Vertex AI CMEK and VPC Service Controls

Customer-managed encryption keys (CMEK) let you supply your own Cloud KMS key to encrypt data at rest in Vertex — prompts, cached content, fine-tune checkpoints. If your key is revoked, Google can no longer decrypt your data, giving you a cryptographic kill-switch. VPC Service Controls wrap your Vertex project in a service perimeter: API calls must originate from inside the perimeter, preventing data exfiltration even if a credential is compromised.

Feature-availability lag

Both cloud platforms typically lag the direct provider APIs by days to weeks when new features ship. Anthropic may announce prompt caching or a new tool type; it lands in the Anthropic API immediately and in Bedrock later once AWS validates and deploys the update. If staying on the bleeding edge of capabilities matters for your use case — for example, you are building a product demo around a just-launched feature — the direct API is the lower-friction choice.
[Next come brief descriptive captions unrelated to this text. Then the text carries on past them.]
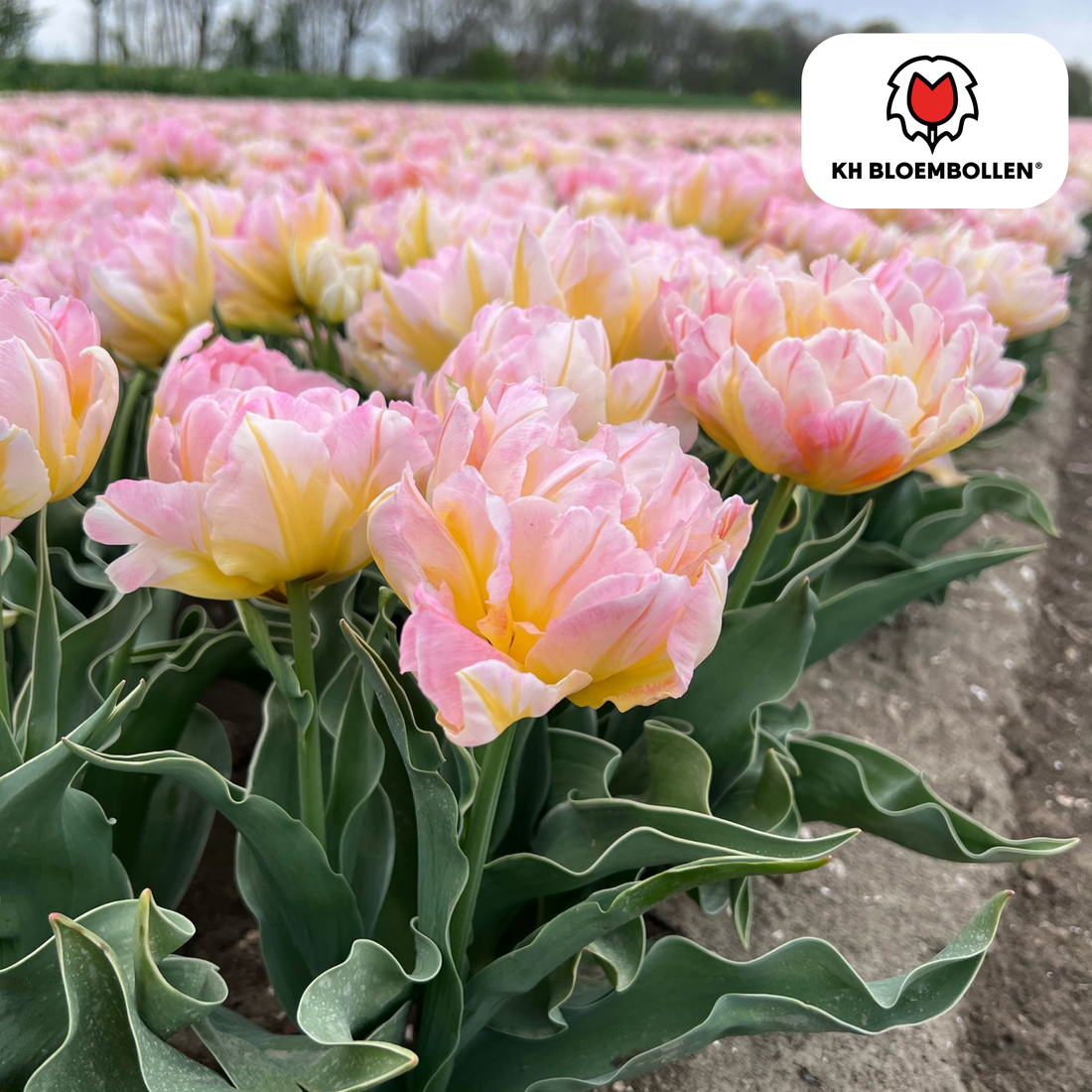 20 zartrosa Tulpenzwiebeln von Everspring, schöne Zwiebeln für elegante Frühlingsblumen, im Thumbnail-Format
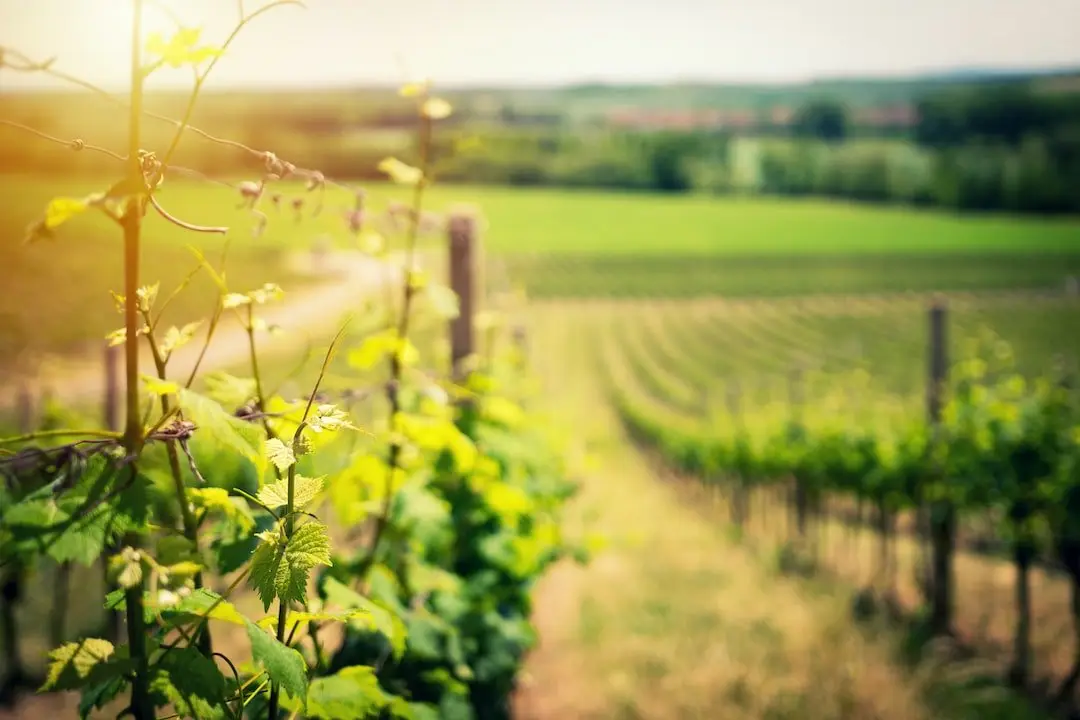 Vinprovningstips och boende i Toscana illustration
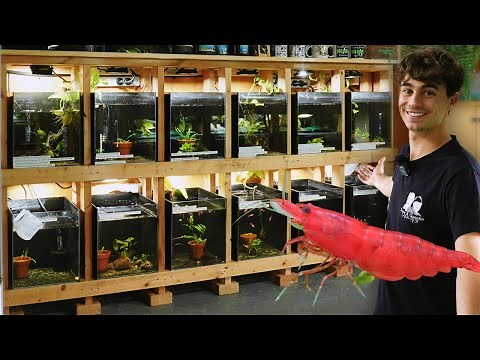 Building a Shrimp Rack for my Aquarium Store!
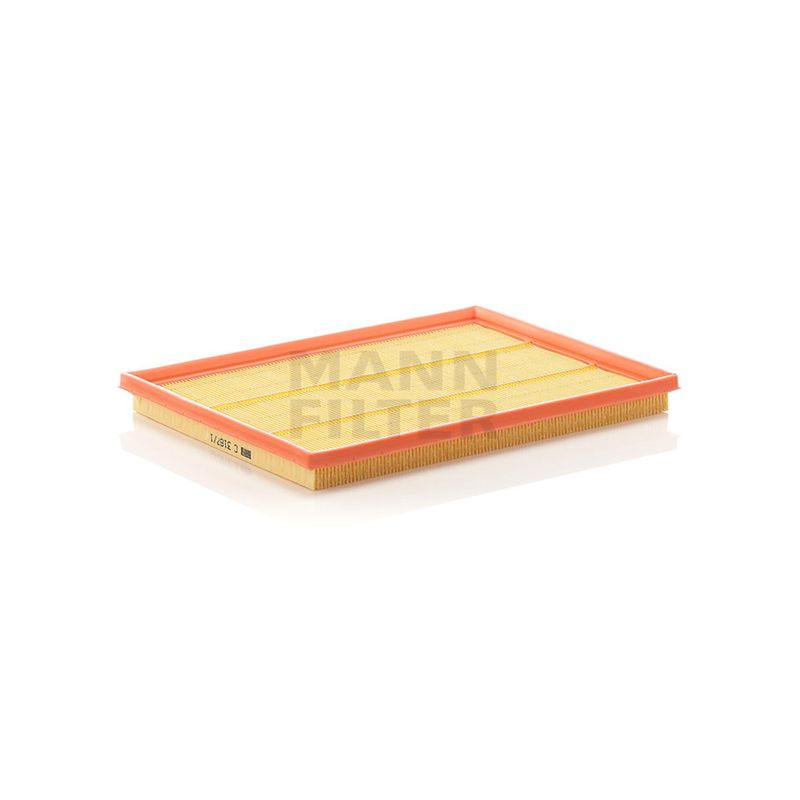 Filtro-De-Ar-Motor-C31671-Mann-DPS-54700-01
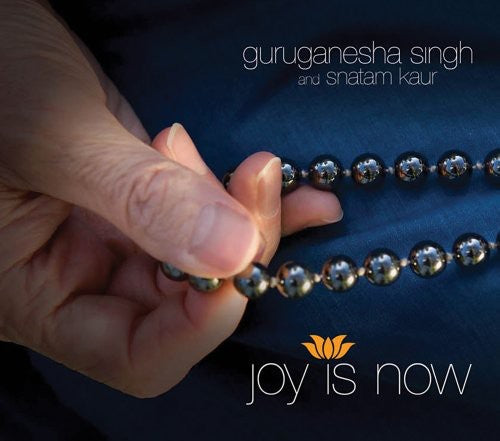 the album cover for Guruganesha Singh - Joy Is Now
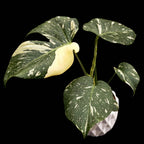 Monstera Thai Constellation (MTC#20)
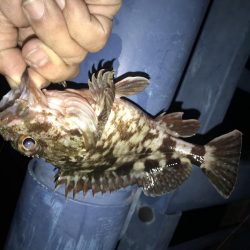 メバル が・・・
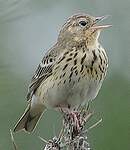 Pipit des arbres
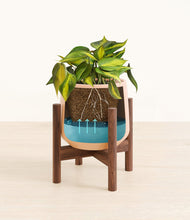 Load image into Gallery viewer, Gentle Pink stand:walnut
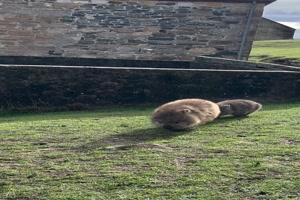 Lustige-Wombats.mp4 von Brandon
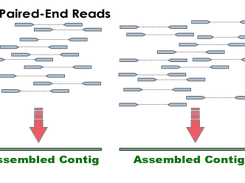 De Novo Assembly From Clinical Trials Screenshot 1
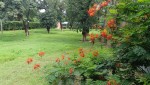 IMG20250728110248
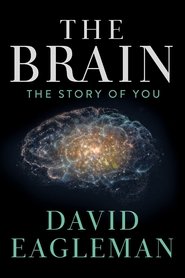 The Brain with David Eagleman tv show poster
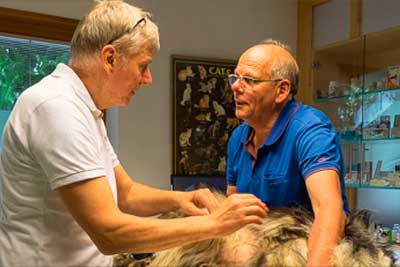 Prantner Tierklinik Hund Kunde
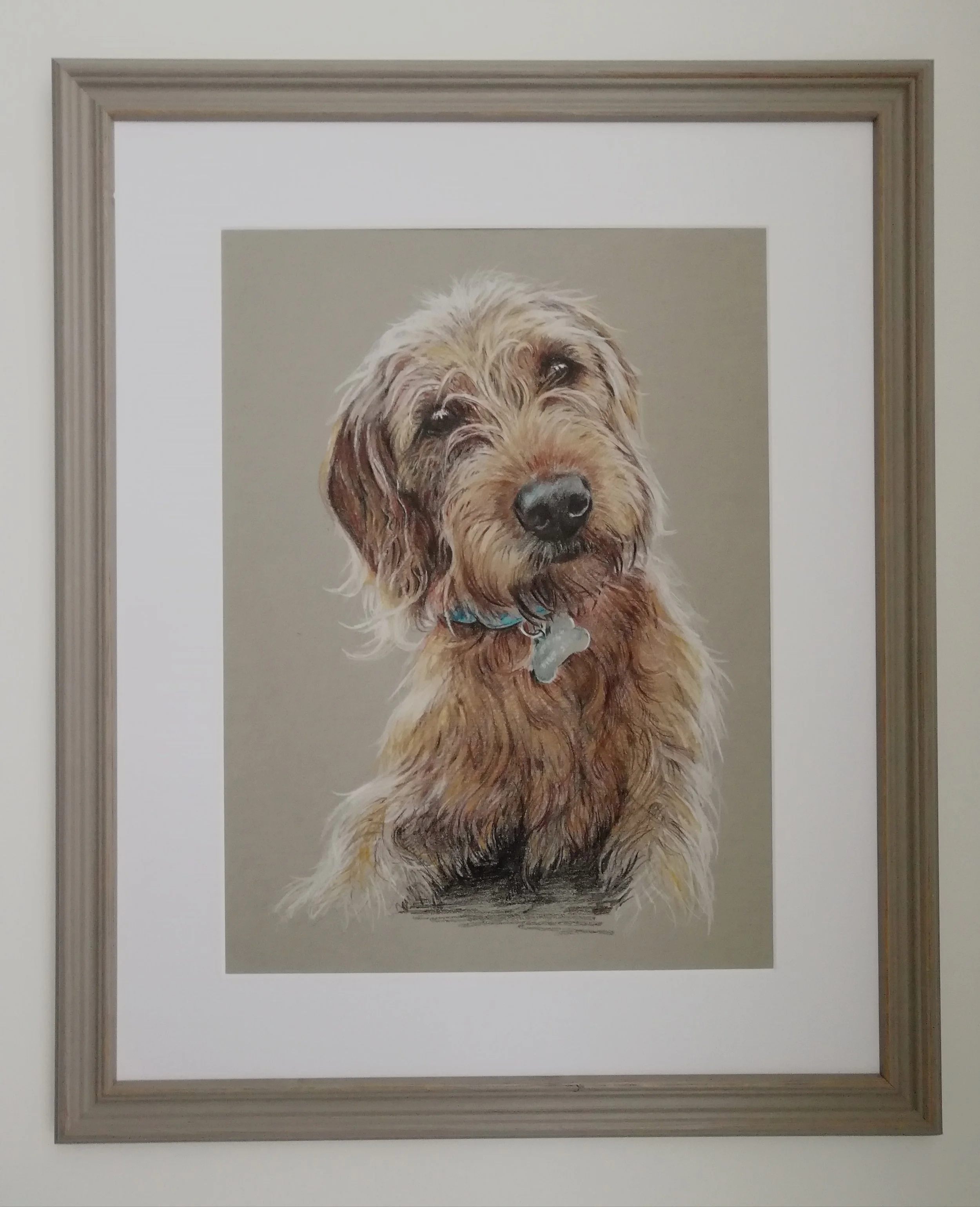 Animals — GAIL REID ARTIST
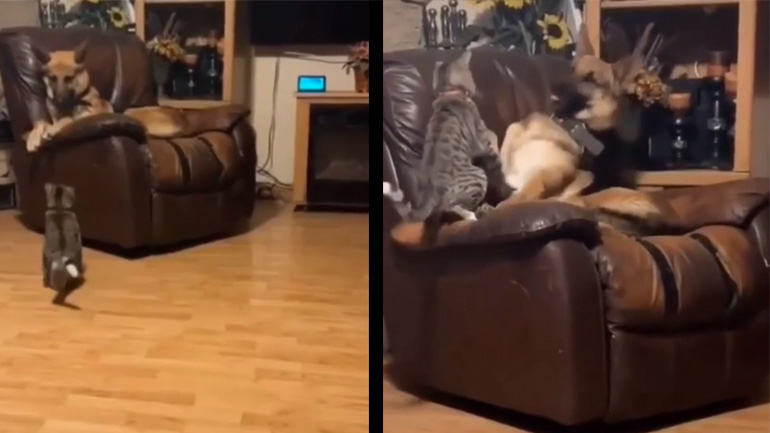 Μάχη για την πολυθρόνα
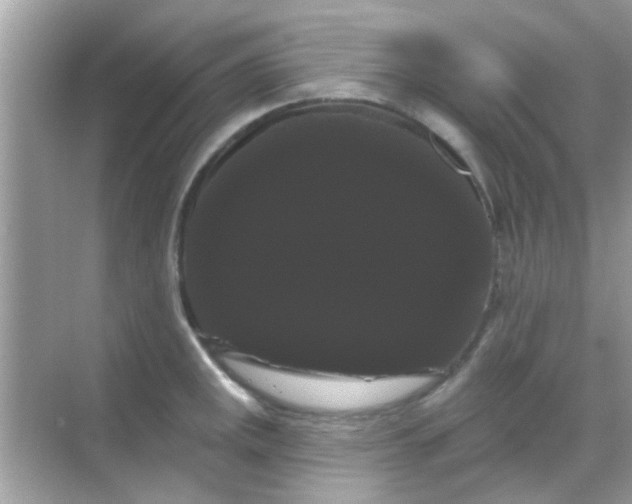 X0000068291141200605051900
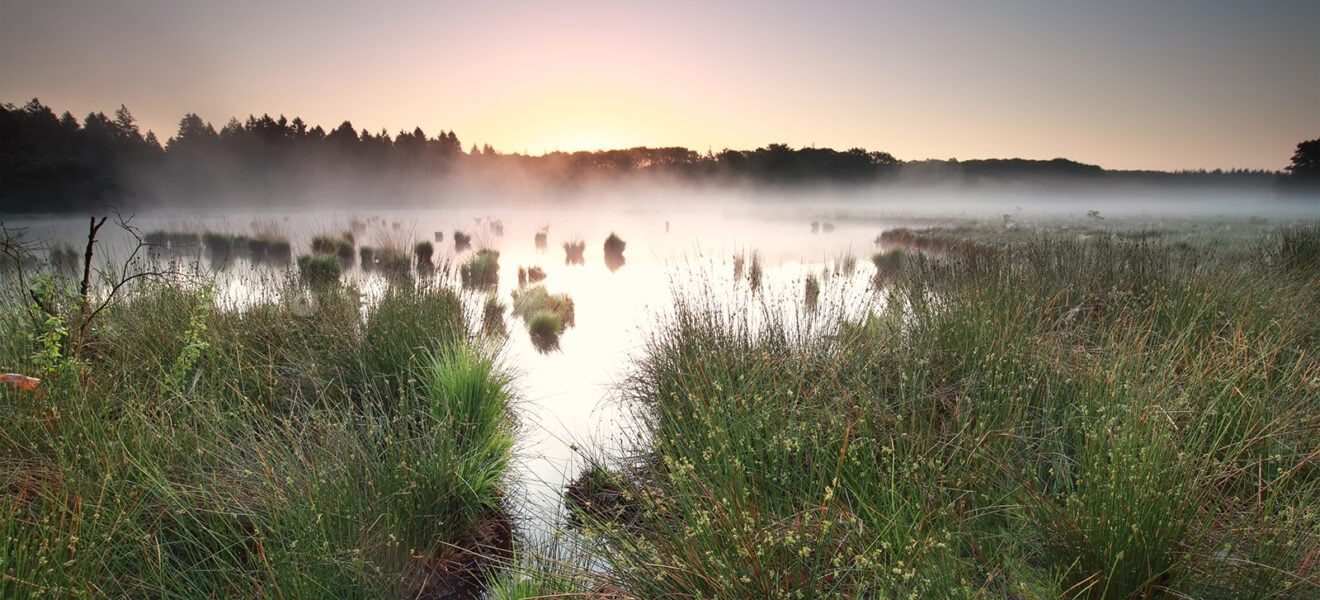 Forschungen für Biodiversität und Moore erhalten Deutschen Umweltpreis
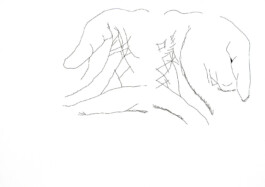 366 drawings by Sophia Tabatadze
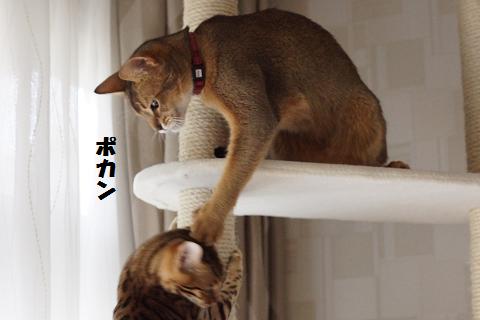 DSC07121c.jpg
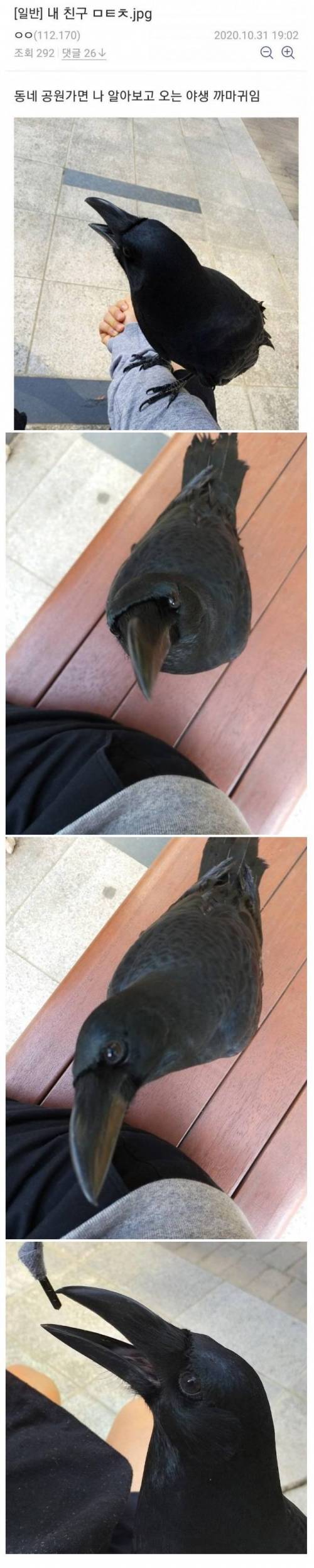 공원에서 친구 사귄 디씨인.jpg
Cross-region inference profiles on Bedrock

Bedrock's inference profiles (US, EU, JP, AU) let you route across multiple AWS regions within a geography for higher throughput and resilience, without pinning to a single region. This is distinct from the global endpoint, which can route anywhere in the world, and from single-region endpoints, which satisfy hard data-residency requirements. Inference profiles sit in between: geographic containment with multi-region redundancy.